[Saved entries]
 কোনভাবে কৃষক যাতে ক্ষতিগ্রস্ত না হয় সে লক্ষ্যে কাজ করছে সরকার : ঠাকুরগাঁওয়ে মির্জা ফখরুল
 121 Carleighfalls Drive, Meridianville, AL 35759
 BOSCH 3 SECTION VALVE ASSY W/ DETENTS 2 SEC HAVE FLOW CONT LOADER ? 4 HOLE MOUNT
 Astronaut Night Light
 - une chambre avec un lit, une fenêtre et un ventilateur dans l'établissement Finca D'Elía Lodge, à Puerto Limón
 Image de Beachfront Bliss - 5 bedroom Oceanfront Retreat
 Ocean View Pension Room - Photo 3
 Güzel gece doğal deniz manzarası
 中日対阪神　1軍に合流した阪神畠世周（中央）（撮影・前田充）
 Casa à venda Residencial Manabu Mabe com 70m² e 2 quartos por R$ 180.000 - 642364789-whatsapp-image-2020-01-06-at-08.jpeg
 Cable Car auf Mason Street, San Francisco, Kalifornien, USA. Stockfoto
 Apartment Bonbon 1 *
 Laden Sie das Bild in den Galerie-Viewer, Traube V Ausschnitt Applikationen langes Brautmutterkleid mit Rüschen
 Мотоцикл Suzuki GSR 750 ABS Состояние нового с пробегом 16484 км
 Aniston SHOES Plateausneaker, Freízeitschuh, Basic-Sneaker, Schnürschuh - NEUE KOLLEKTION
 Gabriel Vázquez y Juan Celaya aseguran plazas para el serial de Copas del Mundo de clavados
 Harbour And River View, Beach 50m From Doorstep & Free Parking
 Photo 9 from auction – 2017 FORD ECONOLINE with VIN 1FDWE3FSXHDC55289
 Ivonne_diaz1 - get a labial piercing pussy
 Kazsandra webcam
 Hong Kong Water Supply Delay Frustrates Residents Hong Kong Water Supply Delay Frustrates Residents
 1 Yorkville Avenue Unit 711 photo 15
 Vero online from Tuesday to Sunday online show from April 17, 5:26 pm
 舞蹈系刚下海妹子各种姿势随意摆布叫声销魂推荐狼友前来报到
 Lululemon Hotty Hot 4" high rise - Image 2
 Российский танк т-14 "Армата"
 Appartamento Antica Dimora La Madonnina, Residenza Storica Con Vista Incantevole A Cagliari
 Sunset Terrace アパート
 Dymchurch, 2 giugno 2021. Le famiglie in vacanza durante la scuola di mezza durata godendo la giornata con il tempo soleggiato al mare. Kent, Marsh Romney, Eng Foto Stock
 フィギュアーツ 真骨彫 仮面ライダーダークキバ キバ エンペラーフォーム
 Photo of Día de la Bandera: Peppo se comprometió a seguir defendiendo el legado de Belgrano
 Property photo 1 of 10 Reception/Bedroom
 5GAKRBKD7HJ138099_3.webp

▸ ASSIGNED TASK
Among the records above, extract exactly the lines from the line with "121 Carleighfalls Drive, Meridianville, AL" to the line with "Casa à venda", both lines included, and leave out the rest.

▸ ANSWER BOX
 121 Carleighfalls Drive, Meridianville, AL 35759
 BOSCH 3 SECTION VALVE ASSY W/ DETENTS 2 SEC HAVE FLOW CONT LOADER ? 4 HOLE MOUNT
 Astronaut Night Light
 - une chambre avec un lit, une fenêtre et un ventilateur dans l'établissement Finca D'Elía Lodge, à Puerto Limón
 Image de Beachfront Bliss - 5 bedroom Oceanfront Retreat
 Ocean View Pension Room - Photo 3
 Güzel gece doğal deniz manzarası
 中日対阪神　1軍に合流した阪神畠世周（中央）（撮影・前田充）
 Casa à venda Residencial Manabu Mabe com 70m² e 2 quartos por R$ 180.000 - 642364789-whatsapp-image-2020-01-06-at-08.jpeg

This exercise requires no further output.